# How far will turkeys range from water?



## cornhead (Sep 19, 2010)

Wondering how far from a water source will a turkey range? Do they need liquid water daily or can they get water from food like other upland birds?

Thanks for any insights.


----------



## BPturkeys (Sep 13, 2007)

Turkeys need water almost every day. They can travel several miles a day as they make their rounds and some place along that route they will encounter water and will drink. I don't think they actually "go" directly to water as some animals. Their daily route may be a couple miles per day but many times they are never more than a half mile from their roosting area. Hunting turkeys at watering holes can be productive but not as much as hunting big game, and may require patience.


----------



## hawglips (Aug 23, 2013)

They seem to be able to go for extended periods without actually drinking water. I guess they get moisture from the greens they eat in those cases.


----------



## BPturkeys (Sep 13, 2007)

To answer your question more directly, I don 't believe that turkeys will live in an area that does not have a water source within about a mile. Turkeys are not desert birds and although small bunches can survive in a desert environment they will absolutely be within walking distance of a water source and spend most of their time right in the riparian sections.


----------



## Little Creek Calls (Feb 23, 2015)

In the fall turkey come to drink water every day.

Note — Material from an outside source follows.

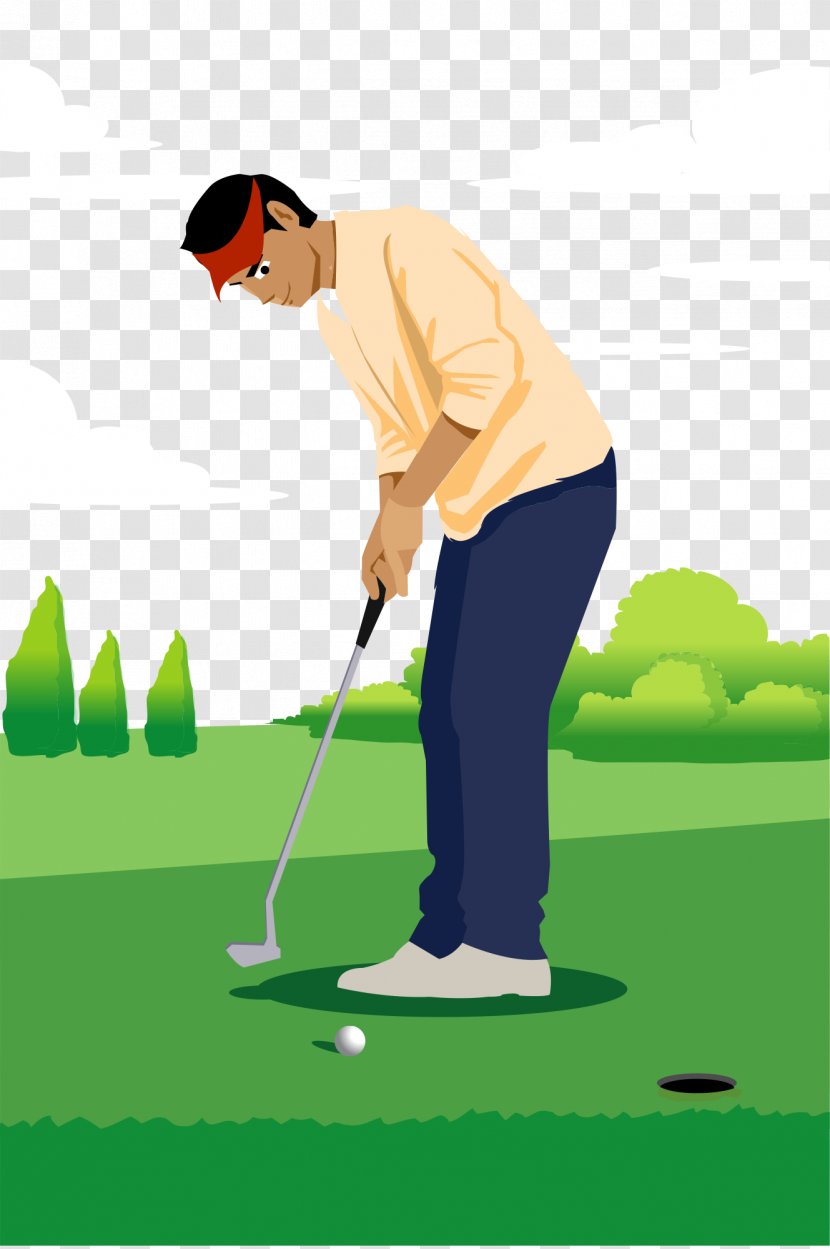 Golf Ball - Green - Illustration Transparent PNG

In the spring it is a different story, there diet changes and they eat more grasses and plants that contain water and don’t need to come to water to drink. Sometimes they will frequent water areas but more for the plants that grow around water. I have never seen a turkey drink water in the spring like I do in the fall but frequently see them eating the newly sprouted green grass at waterholes and around creek banks. In the fall they eat acorns and insects and need to come to water to drink every day.


----------



## cornhead (Sep 19, 2010)

Thanks for the replies. I am scouting an area that has water, but nearby uplands are dry with scrub oak, sage and other trees in draws. Plenty of greens to eat.


----------